The recommended way to add this library to your project is by including the following to your CMakeLists.txt:
target_link_libraries(myProject oleanderstemminglibrary)
You may also add this library to your project using a relative path:
#include "oleanderstemminglibrary/include/olestem/stemming/english_stem.h"
An example of this project's usage can be found in tests/src/example.cpp and can be built with the following commands:
mkdir build && cd build
cmake ..
cmake --build .
./bin/ExampleTest
The license for this project can be found at LICENSE.md.
- Updated project for use as a header-only library with CMake.

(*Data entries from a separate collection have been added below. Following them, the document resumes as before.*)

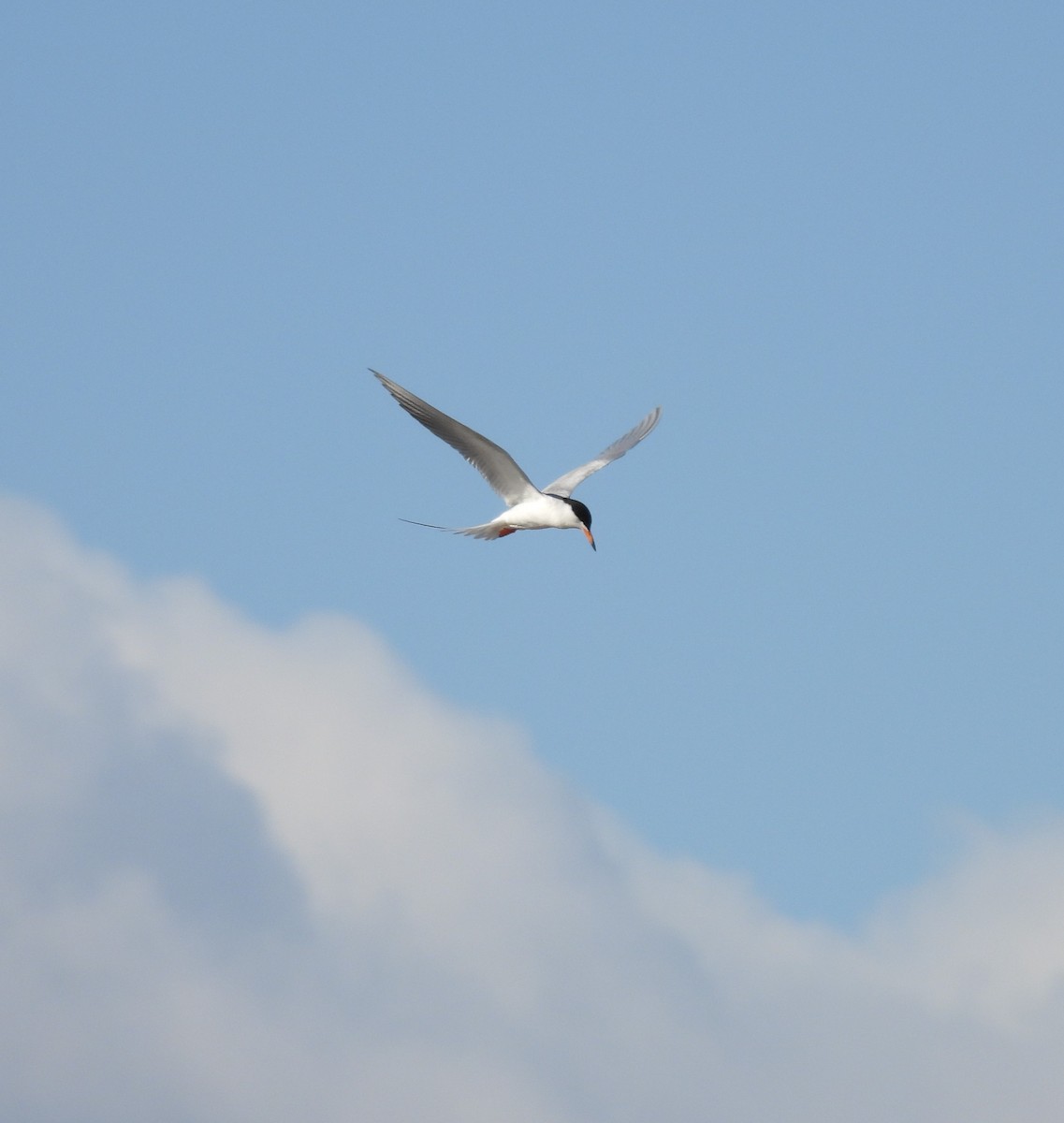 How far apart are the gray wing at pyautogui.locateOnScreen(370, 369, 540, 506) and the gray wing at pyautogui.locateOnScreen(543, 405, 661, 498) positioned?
1167mm

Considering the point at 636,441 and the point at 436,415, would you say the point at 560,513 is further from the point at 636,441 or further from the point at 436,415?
the point at 636,441

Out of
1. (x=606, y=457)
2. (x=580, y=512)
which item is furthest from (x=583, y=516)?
(x=606, y=457)

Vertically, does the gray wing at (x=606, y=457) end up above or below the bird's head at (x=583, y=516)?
above

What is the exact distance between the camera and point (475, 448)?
88.7 ft

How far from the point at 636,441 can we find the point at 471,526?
559cm

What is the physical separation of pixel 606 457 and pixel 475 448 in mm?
5271

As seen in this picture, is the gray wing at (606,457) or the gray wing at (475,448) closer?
the gray wing at (475,448)

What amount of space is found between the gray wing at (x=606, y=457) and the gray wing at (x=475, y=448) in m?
1.17

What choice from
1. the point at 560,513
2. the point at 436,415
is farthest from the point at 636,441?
the point at 436,415

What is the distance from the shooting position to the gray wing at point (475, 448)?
25719 mm

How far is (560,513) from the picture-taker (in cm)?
2752

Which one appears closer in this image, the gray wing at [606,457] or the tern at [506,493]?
the tern at [506,493]

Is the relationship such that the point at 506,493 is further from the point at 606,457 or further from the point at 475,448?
the point at 606,457

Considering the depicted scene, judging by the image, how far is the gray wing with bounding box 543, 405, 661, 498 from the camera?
30.2 m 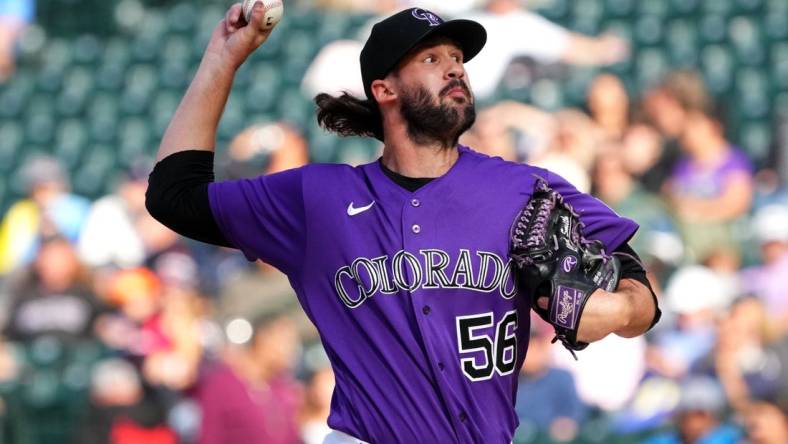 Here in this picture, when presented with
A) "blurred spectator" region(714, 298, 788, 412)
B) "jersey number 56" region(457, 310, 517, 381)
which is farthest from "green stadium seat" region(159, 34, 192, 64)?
"jersey number 56" region(457, 310, 517, 381)

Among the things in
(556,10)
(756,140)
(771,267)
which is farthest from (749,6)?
(771,267)

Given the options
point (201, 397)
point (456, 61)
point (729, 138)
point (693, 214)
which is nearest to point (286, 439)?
point (201, 397)

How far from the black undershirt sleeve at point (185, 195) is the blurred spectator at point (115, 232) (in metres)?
4.45

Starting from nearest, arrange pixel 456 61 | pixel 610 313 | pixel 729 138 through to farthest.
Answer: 1. pixel 610 313
2. pixel 456 61
3. pixel 729 138

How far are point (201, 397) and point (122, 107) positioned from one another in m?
3.43

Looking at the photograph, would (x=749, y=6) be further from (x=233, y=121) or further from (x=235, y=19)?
(x=235, y=19)

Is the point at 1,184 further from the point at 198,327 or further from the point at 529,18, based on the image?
the point at 529,18

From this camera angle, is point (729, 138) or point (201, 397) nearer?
point (201, 397)

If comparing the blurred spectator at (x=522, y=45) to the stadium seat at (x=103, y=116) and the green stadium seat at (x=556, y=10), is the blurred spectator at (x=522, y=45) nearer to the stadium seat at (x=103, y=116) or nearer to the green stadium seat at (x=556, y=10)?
the green stadium seat at (x=556, y=10)

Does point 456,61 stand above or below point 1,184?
above

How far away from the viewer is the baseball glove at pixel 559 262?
2.88 metres

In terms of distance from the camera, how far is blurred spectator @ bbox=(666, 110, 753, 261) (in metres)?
7.22

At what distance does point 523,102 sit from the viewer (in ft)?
27.0

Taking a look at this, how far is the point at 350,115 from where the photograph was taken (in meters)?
3.43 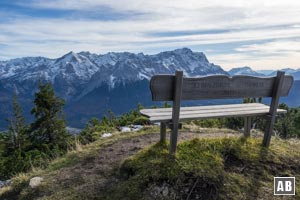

- Updated Portuguese stemmer to new standard.
- Overhaul of Doxygen documentation.
- Updates to compile with GCC.
- Files are now UTF-8 (without BOM) encoded, which is compatible with Visual Studio 2008 and GCC. Note that this is no longer compatible with earlier versions of Visual Studio.
- Added Russian stemmer.
- Documentation expanded.
- Added support for smart apostrophes.
- Removed "common_lang_constants.cpp" so that the library now consists only of header files.
- All extended ASCII characters are written in numeric value, so that you can compile on GCC without needing to encode the source code files to UTF-8.
- Fixed a few access violations.
- Fixed a bug in step1 of the French stemmer.
- Updated the English and Spanish stemmers to the newer 2006 algorithms.
- General optimizations.
NOTE: This release is now only compatible with std::wstring (Unicode strings). If you need to stem an ANSI string, then convert it to a wstring using mbstowcs and then stem the wstring.
- Fixed a couple of bugs when compiling with GCC.
- Fixed an error when compiling with Visual Studio 2005.
- Added updates to English, Italian, Spanish, Norwegian, and Portuguese stemmers to include latest changes made to the Porter algorithms.
- Fixed case-sensitive comparison bug in Portuguese stemmer.
- Fixed bug in Portuguese stemmer where an "i" was sometimes incorrectly removed from the suffix.
- Fixed a bug in the English stemmer were some words ending in "e" would be incorrectly stemmed.
- Unicode now supported. If the symbol UNICODE is globally defined, stemmers now work with std::wstrings; otherwise, std::strings are expected.
- Removed template arguments for stemmers. Now you can just declare "english_stem EnglishStemmer;" instead of "english_stem EnglishStemmer;"and it will know whether to expect either std::wstring or std::string types based on whether UNICODE is enabled.
- Now licensed under the BSD license.
- Added more helper functions in utilities.h and string_util.h
- Fixed index bug in Dutch stemmer (wasn't checking size of string when it should have been).
- Fixed a compiler bug where a few inclusions were missing.
- Added "round" function to utility library for doing accurate integer rounding.
- Removed unused variable in English stemmer.
- Fixed compiler cast warning in "find_r2" function.
- Fixed access violation in "hash_german_yu", "hash_french_yui", and "hash_italian_ui" caused by one letter words.
- Fixed compiler error in stricmp function.
- Added "strstr" and "strcspn" char/wchar_t wrappers to string_util.h.
- Added "size_of_array" macro to utilities.h.
- Removed debugging hack code in "is_either" function in utilities.h.
- Fixed a couple of syntax errors in Finnish and French stemmers that GCC picked up.
- Added support for German variant algorithm, where umlauted words are expanded to the English equivalent.